There are people who know what they’re supposed to do, and they do it. Then there are people who know but don’t do “the right thing.”
I am in—I must confess—the latter group of people when it comes to diabetes. It’s not a new thing. I’ve mentioned this issue in passing a couple of times here and talked about it with very close friends (with and without diabetes) before. I even tried to tell my endo about it one time when she asked why some of my readings were unexpectedly higher later in the day, but I think I might have been too vague on the issue, and she didn’t quite get it. I always assumed it would get better. “One day I will have insulin pump settings and carb counting skills that I believe in,” I told myself. “Then I’ll live in a new golden age of diabetes, A1c- and confidence-wise.”
It’s not that easy . . . not for me at least.
I’ve done the testing, and I’ve seen that the settings work. I mean, just look at the CGM trace during a basal test a couple of months ago:
But insulin still scares the hell out of me! Seeing a big number in my pump’s bolus wizard is daunting and triggers a thought process like this: “12 units of insulin is enough to lower my blood glucose 600 mg/dL without food, and my BGs are really good right now, so there’s not a lot of wiggle room. . . . .” So I often dose too little for the carbs I
know suspect are in food, and then I have to chase the high blood glucose later. Frequently, when all is said and done, I end up correcting over several hours with the insulin that I should have given initially.
Couple this with defensive eating. What’s that? Consider a graph like this one, which shows my BG heading downhill precipitously.

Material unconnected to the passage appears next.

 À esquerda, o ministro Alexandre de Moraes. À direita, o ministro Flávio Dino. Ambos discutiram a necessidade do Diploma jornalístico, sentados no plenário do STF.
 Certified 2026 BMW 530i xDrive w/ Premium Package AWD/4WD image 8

Is my blood glucose going to stabilize, leveling off as it approaches the target like it’s supposed to? Or is it going to keep speeding downward until I’m hypoglycemic? In this instance—as in most that I’ve seen recently when I’ve forced myself to just let it go and see what happens—it’s the former case; my meal bolus, correction, or exercise brings me right where it’s supposed to. Nevertheless, I have to work really hard to hold off the temptation to preemptively treat a low (which might never arrive).

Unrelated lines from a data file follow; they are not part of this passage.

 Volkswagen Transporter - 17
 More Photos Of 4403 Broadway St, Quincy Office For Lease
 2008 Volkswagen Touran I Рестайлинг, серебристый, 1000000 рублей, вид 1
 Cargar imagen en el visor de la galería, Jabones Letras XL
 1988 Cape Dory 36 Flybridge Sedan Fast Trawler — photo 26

“Why do I do this?” you might ask.
Because having hypoglycemia sucks in a way that’s hard to imagine. Because I don’t want to be in a situation where it might embarrass me—or worse. Because I don’t like the feeling of losing control of myself that it brings. Because I don’t want other people to worry about me if I go low too often. Because I don’t like relying on other people or inconveniencing them. Because I’ve been hypo a lot in my post-diagnosis life, and I’m not very confident that I can do things the right way.
Basically, because being brave is hard. It takes mental strength and faith, and it is very draining to be constantly pushing oneself out of a comfortable zone, even when it’s not a good place to begin with.
But I’ve been here before in other diabetes contexts, and I find it very comforting to know that I’ve succeeded when I put my mind and courage into it. Here’s what I wrote about it a year and a half ago:
For the longest time I’ve only been making haphazard changes to my diabetes management for exercise. Now is the time, though, to treat diabetes like swimming. I have to jump into the deep end. Or rather, I have to jump into the open water where I can’t see the bottom and where I’m far away from land and where all that I have around me is the water and my insecurities and the hopeful knowledge that I can do this because I’ve done this before. I have to gather up my courage and take a risk, make the observations about insulin and food and exercise, bolus for things I eat before exercise, and eventually (hopefully) arrive at a place that’s more manageable (if not always comfortable).
To quote Mark Twain, who would totally have been a BA-D-Mofo: “Courage is resistance to fear, mastery of fear—not absence of fear.”
So to that end, I’m doing a bit of cognitive behavioral therapy
every time frequently when it’s time to make a “difficult” (but utterly routine) diabetes decision. If I find myself hesitating about bolusing, I ask myself why I don’t want to give the full amount. If I catch myself thinking I should eat to prevent a low, I ask myself why I’m prepared to do that. Usually the answer to the question is based in fear and not fact. I then remind myself that 90% of the time bolusing or not eating has worked in the past, and then I do the right thing (usually). It’s getting easier, and hopefully these decisions will be part of a successful, unconscious habit soon.